It is a myth that most charitable donations go on administration costs. According to the UK Civil Society Almanac 2022, 86% of the sector’s expenditure related to activities directly linked to a charity’s purpose.
Although Charity Commission research shows that donors want most of their hard-earned money to be spent on frontline activities, most people understand that a moderate amount needs to be spent on a charity’s running costs. Unfortunately, the concern about administration costs leads some charities to claim that all the income raised will go directly to the cause, implying that there are no overheads.
Charities incur compliance and other operational costs to uphold the rules and requirements from regulators and to comply with policies, for example on internal controls, risk management and IT security. A charity that trains its staff and volunteers and monitors and evaluates its operations is likely to be more effective than a charity that does not. In some areas, training, supervision and checks will be essential, for example where the work involves safeguarding children or adults at risk from harm, or to comply with data protection rules.
The question trustees need to ask is whether their charity is making sufficient investment in important infrastructure, which includes legal and regulatory compliance, management skills and technology.

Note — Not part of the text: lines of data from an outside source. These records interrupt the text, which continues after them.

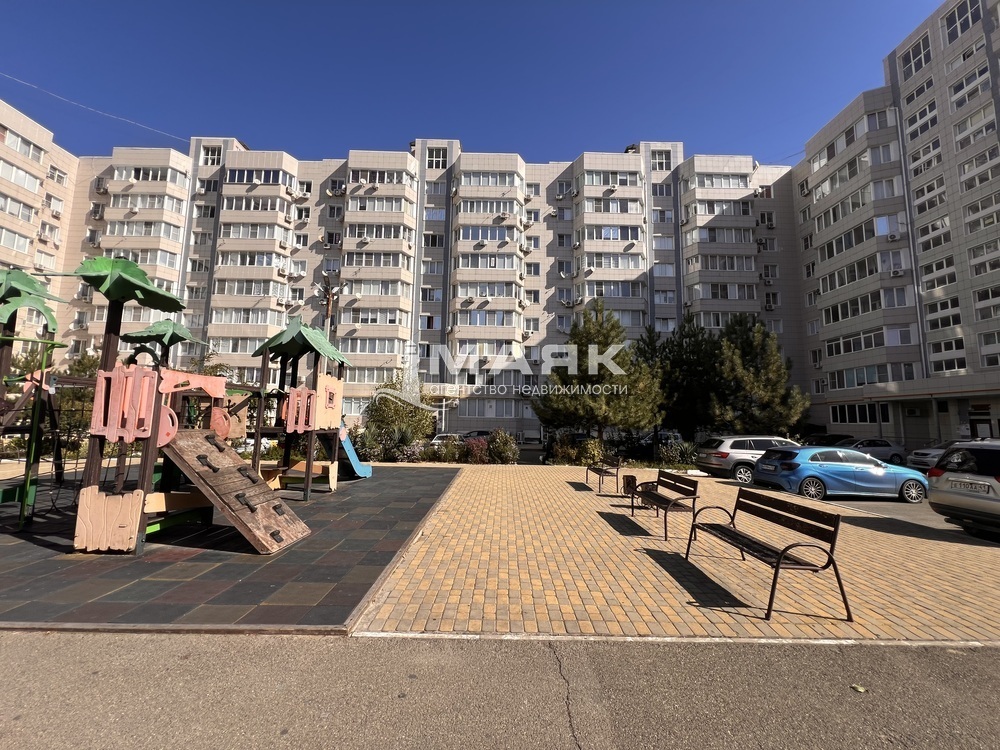 2-к. квартира 76.7 кв.м, 8/9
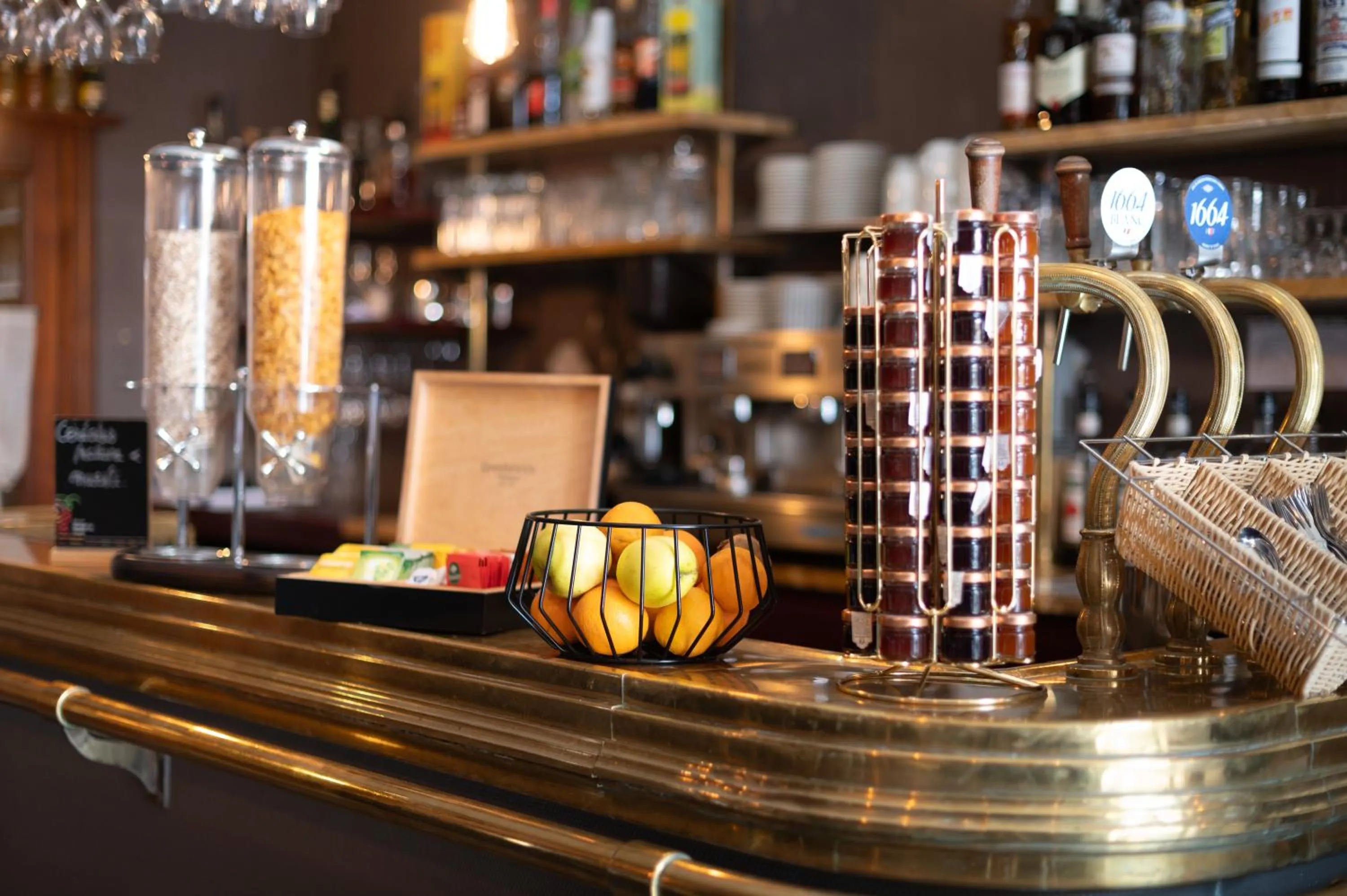 Breakfast in Hôtel La Couleuvrine Sarlat Centre Ville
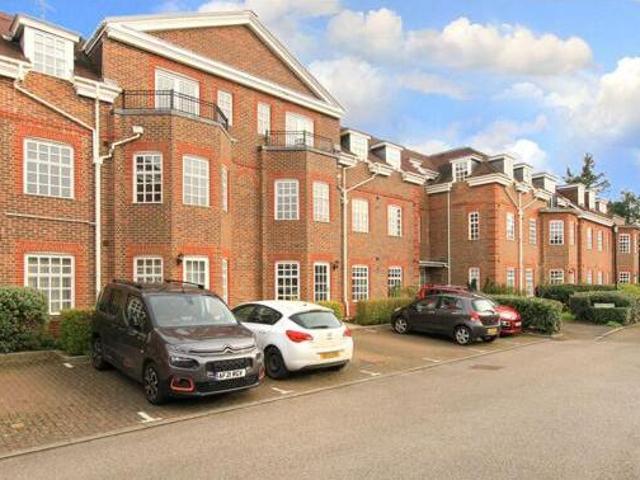 House for sale in Berkhamsted, Dacorum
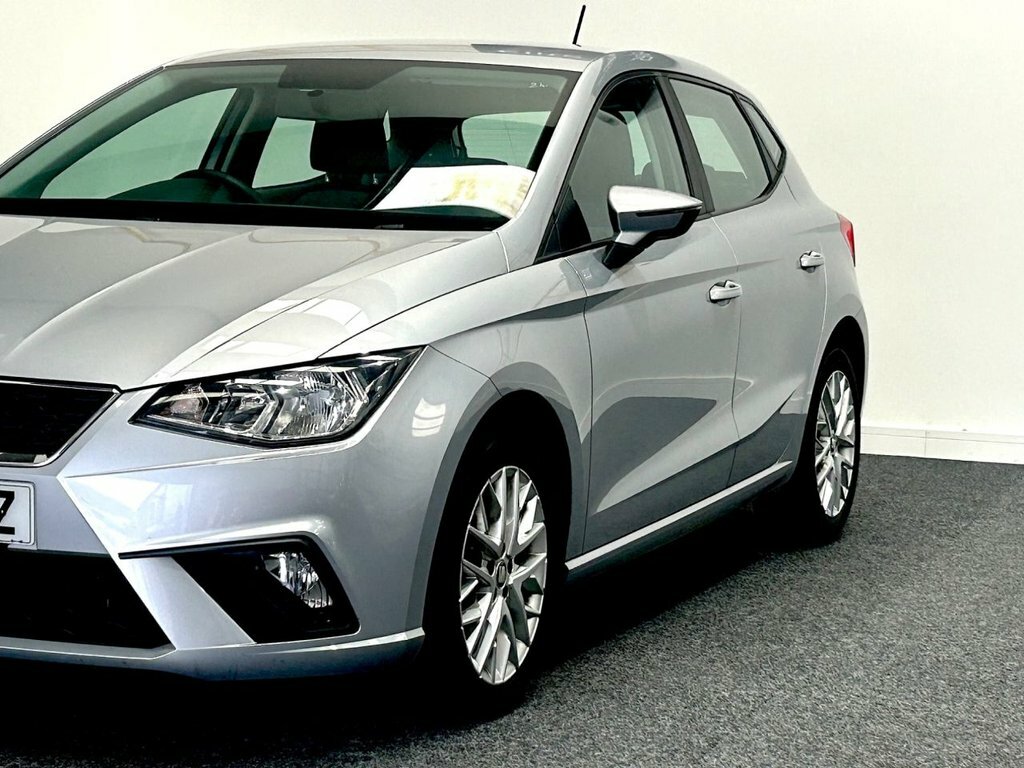 Seat Ibiza 1L Se Technology Silver #5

It is important to understand that the composition of a charity’s cost base is not an indicator of its effectiveness.
Charities should understand their administration and other related costs and explain how such investment will increase efficiency and improve impact, transparency, governance and leadership. If trustees and management have a clear grasp of the charity’s cost base, they can assess better where savings may be possible or where more investment could reduce costs in the longer term, for example through automated processes.
When there is a gap between actual overheads and the amount recovered on funded projects, charities rely on unrestricted grants and donations to subsidise their service delivery. Charities that know their actual overhead percentage can negotiate more effectively with funders, communicate the true cost of their work and prepare funding bids using full cost recovery principles.